▸ DATASET CONTENT
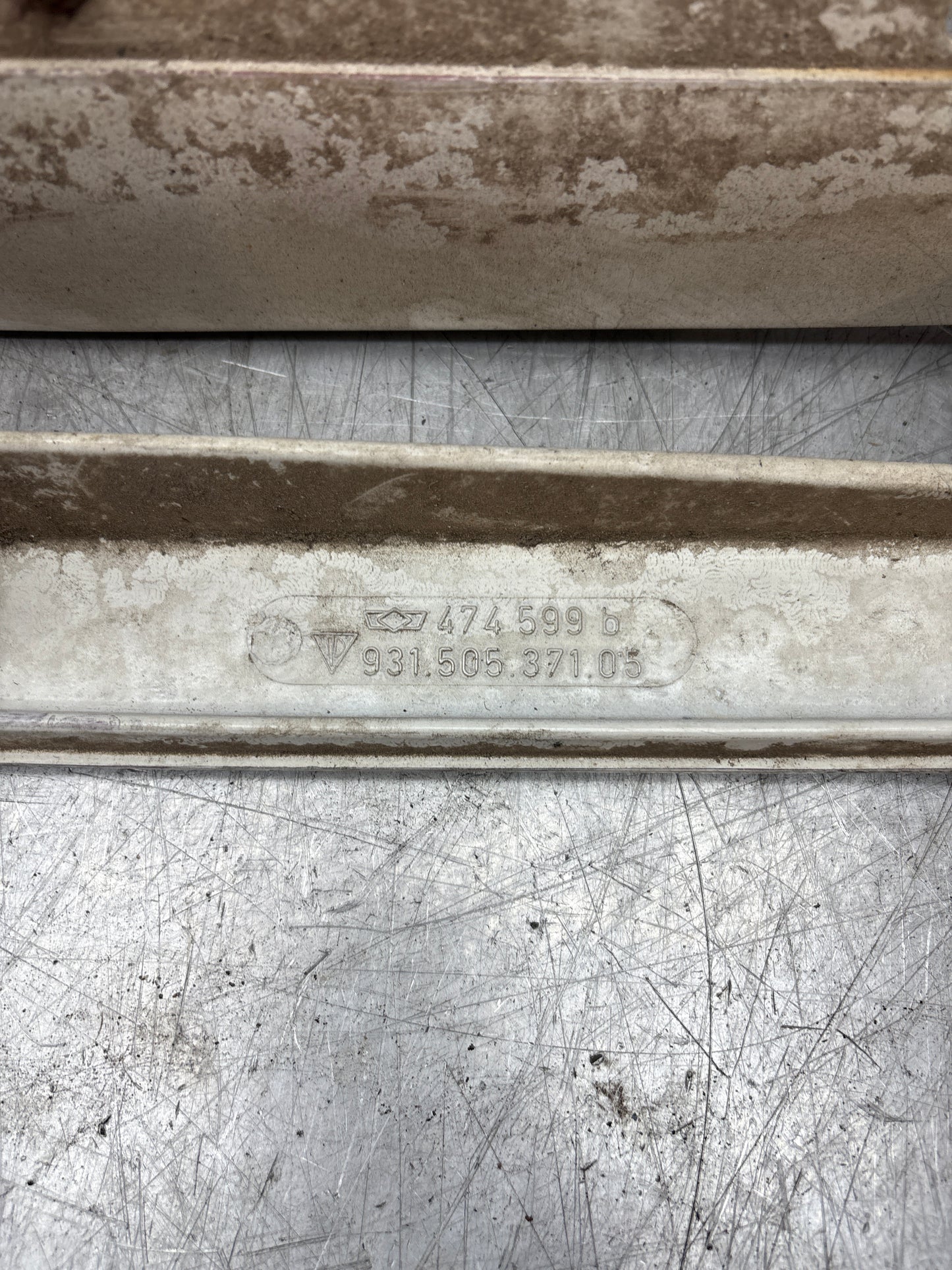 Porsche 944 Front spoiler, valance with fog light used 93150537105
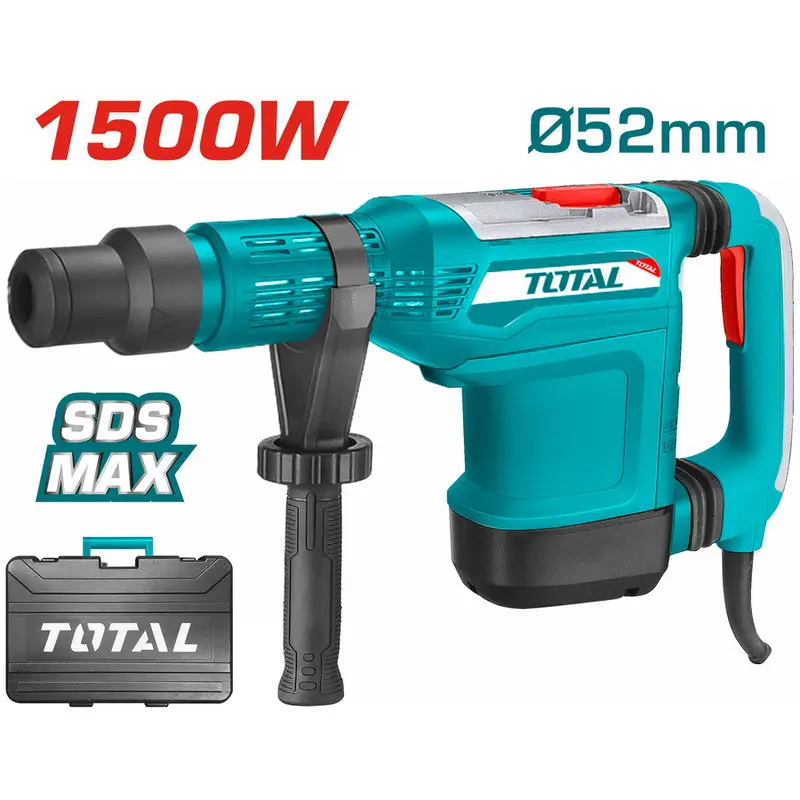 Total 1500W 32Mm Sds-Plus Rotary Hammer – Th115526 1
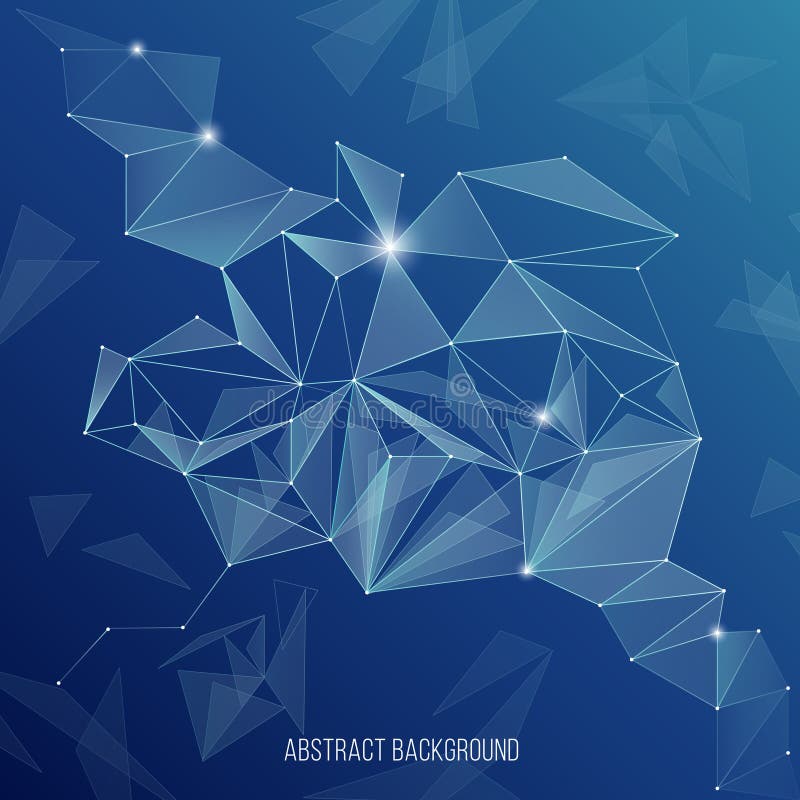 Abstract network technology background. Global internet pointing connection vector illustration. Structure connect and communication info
---
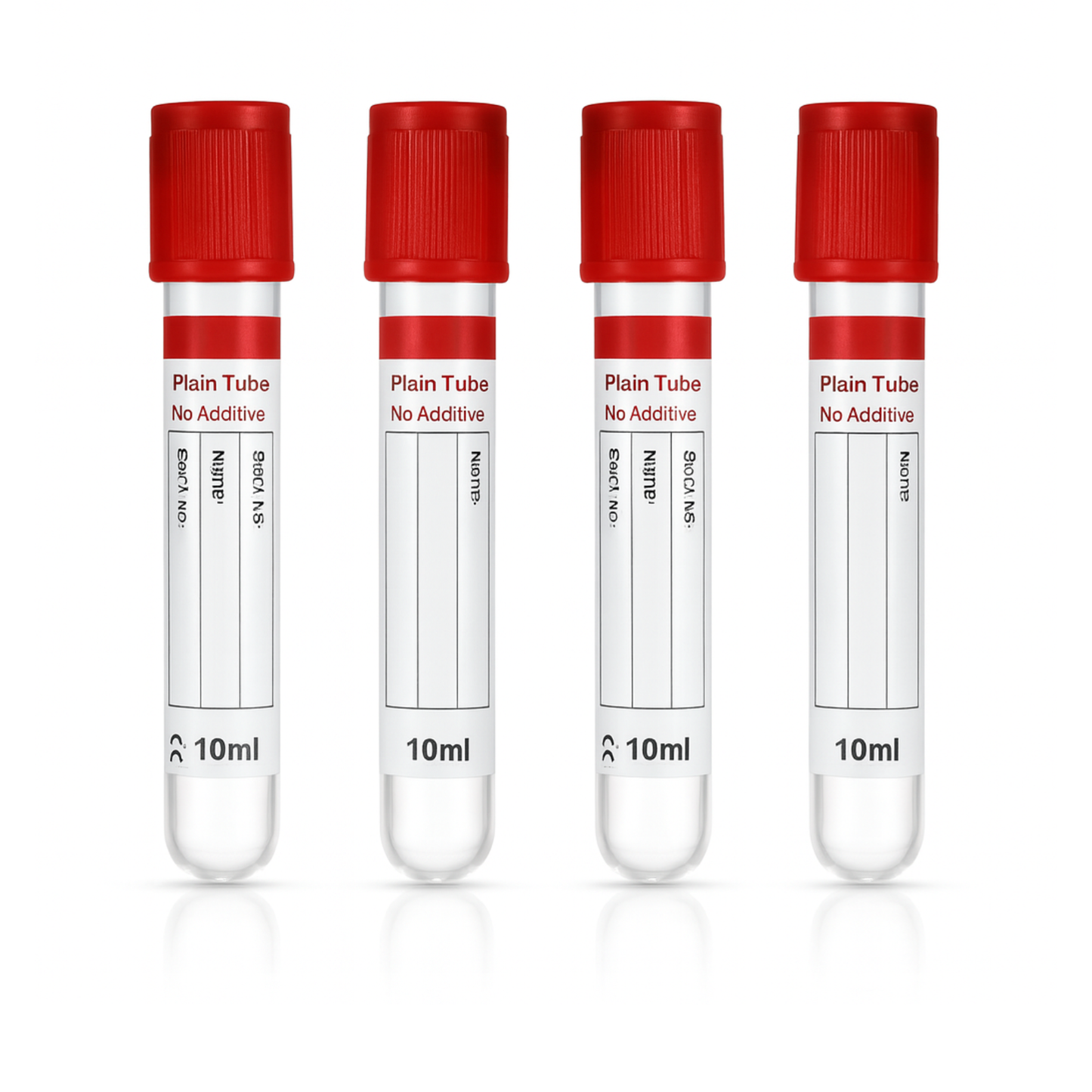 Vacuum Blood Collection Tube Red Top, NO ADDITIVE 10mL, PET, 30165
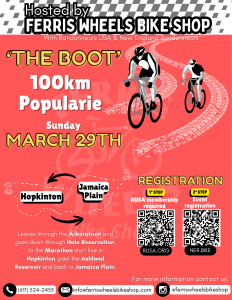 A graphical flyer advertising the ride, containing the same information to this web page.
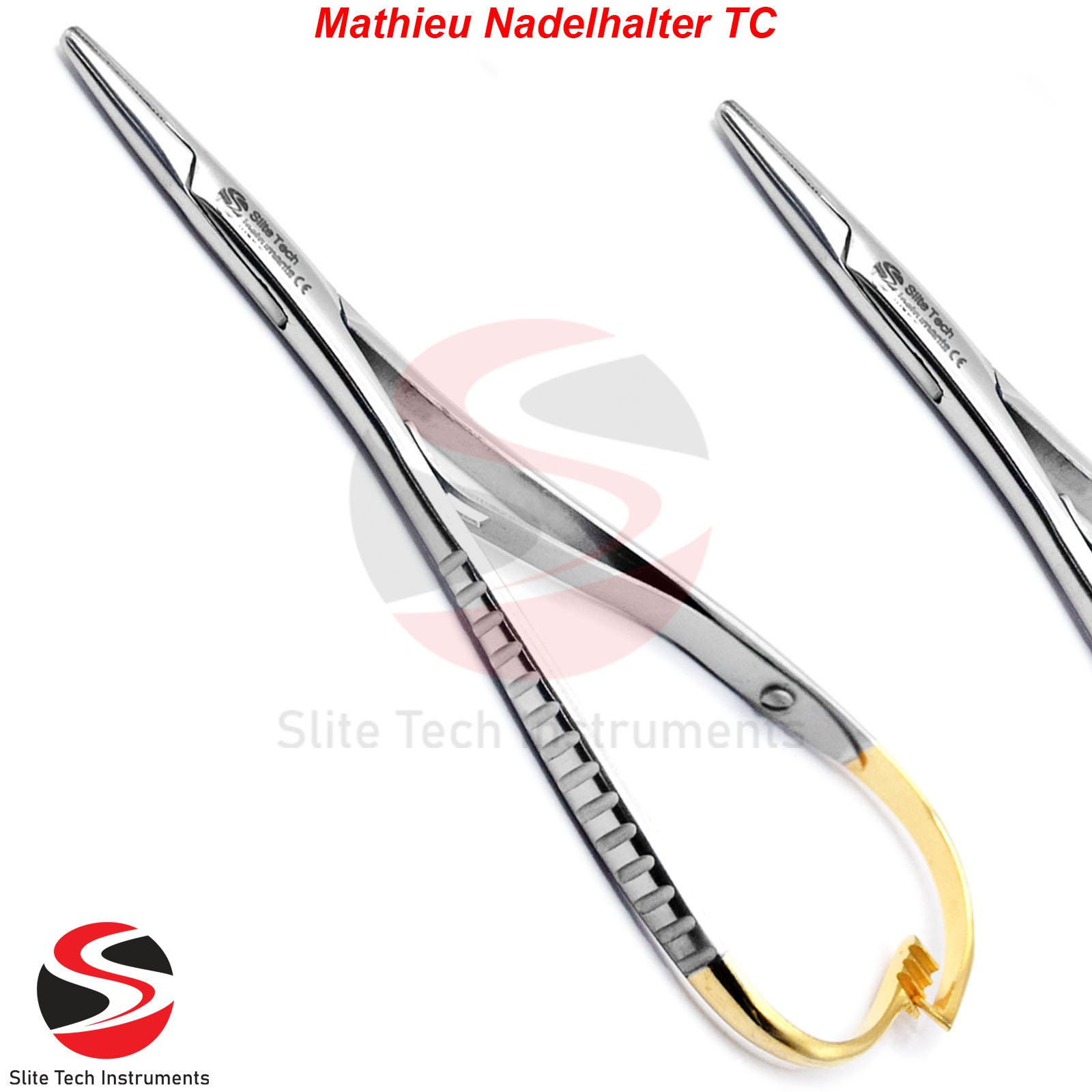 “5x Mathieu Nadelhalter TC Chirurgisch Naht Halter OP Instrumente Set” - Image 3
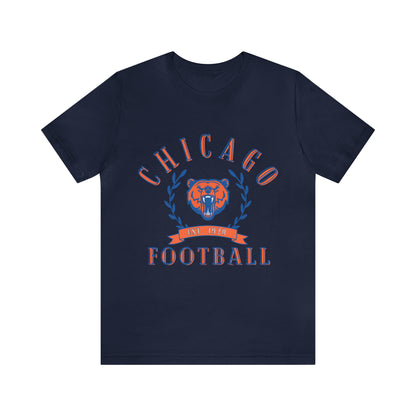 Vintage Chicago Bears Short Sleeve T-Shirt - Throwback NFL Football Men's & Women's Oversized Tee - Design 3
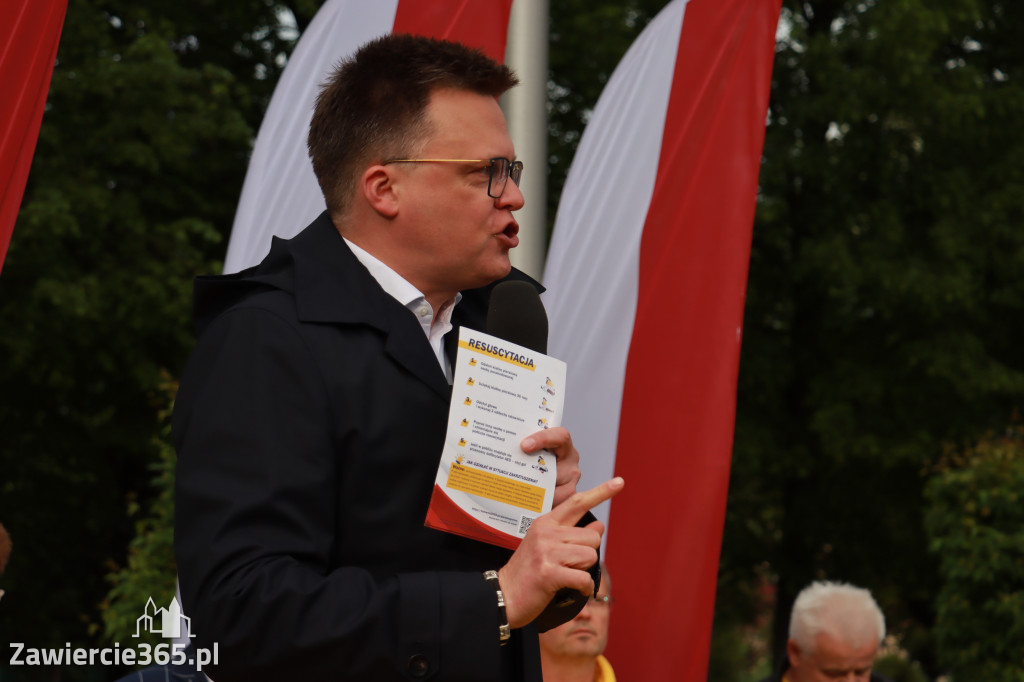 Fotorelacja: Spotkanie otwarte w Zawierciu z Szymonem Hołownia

▸ WORK TASK
Starting at the line containing "Mathieu Nadelhalter TC" and finishing at the line containing "Fotorelacja: Spotkanie otwarte", return those lines exactly as they appear above, without the pictures.

▸ RESULT OF THIS TASK
 “5x Mathieu Nadelhalter TC Chirurgisch Naht Halter OP Instrumente Set” - Image 3
 Vintage Chicago Bears Short Sleeve T-Shirt - Throwback NFL Football Men's & Women's Oversized Tee - Design 3
 Fotorelacja: Spotkanie otwarte w Zawierciu z Szymonem Hołownia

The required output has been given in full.